Description of the task: I would like each line of the data that holds the word "Unisex" copied out.

:: Supplied information

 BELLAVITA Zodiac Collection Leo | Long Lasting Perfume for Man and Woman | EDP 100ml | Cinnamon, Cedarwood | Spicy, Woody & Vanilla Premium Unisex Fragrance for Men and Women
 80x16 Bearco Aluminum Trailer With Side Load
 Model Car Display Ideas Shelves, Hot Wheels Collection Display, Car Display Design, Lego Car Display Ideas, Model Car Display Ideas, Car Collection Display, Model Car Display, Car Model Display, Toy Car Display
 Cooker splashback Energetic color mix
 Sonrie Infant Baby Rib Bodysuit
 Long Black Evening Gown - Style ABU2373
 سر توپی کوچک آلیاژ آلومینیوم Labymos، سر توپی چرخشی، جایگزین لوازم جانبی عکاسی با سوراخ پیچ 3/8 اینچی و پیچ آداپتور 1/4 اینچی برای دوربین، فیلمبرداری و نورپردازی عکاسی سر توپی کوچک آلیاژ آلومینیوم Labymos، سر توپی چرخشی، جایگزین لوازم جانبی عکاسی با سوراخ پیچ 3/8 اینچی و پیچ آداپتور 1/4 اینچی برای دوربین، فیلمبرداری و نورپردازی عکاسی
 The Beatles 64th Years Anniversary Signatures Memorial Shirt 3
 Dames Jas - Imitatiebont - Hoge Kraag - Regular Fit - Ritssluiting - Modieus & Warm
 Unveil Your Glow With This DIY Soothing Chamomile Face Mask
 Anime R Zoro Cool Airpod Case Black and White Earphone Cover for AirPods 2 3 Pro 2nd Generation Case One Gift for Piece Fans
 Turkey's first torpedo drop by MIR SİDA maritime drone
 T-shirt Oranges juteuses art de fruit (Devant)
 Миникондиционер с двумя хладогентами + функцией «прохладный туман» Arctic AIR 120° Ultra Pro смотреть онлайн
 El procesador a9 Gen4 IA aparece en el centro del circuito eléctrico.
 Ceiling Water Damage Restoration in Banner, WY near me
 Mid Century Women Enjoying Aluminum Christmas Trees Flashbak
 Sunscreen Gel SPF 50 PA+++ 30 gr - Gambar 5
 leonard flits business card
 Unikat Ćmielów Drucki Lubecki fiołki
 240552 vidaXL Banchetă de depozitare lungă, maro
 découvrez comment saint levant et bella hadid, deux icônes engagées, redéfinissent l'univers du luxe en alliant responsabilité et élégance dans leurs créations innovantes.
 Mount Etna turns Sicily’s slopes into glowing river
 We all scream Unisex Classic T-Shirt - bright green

::::

Exercise response:
 BELLAVITA Zodiac Collection Leo | Long Lasting Perfume for Man and Woman | EDP 100ml | Cinnamon, Cedarwood | Spicy, Woody & Vanilla Premium Unisex Fragrance for Men and Women
 We all scream Unisex Classic T-Shirt - bright green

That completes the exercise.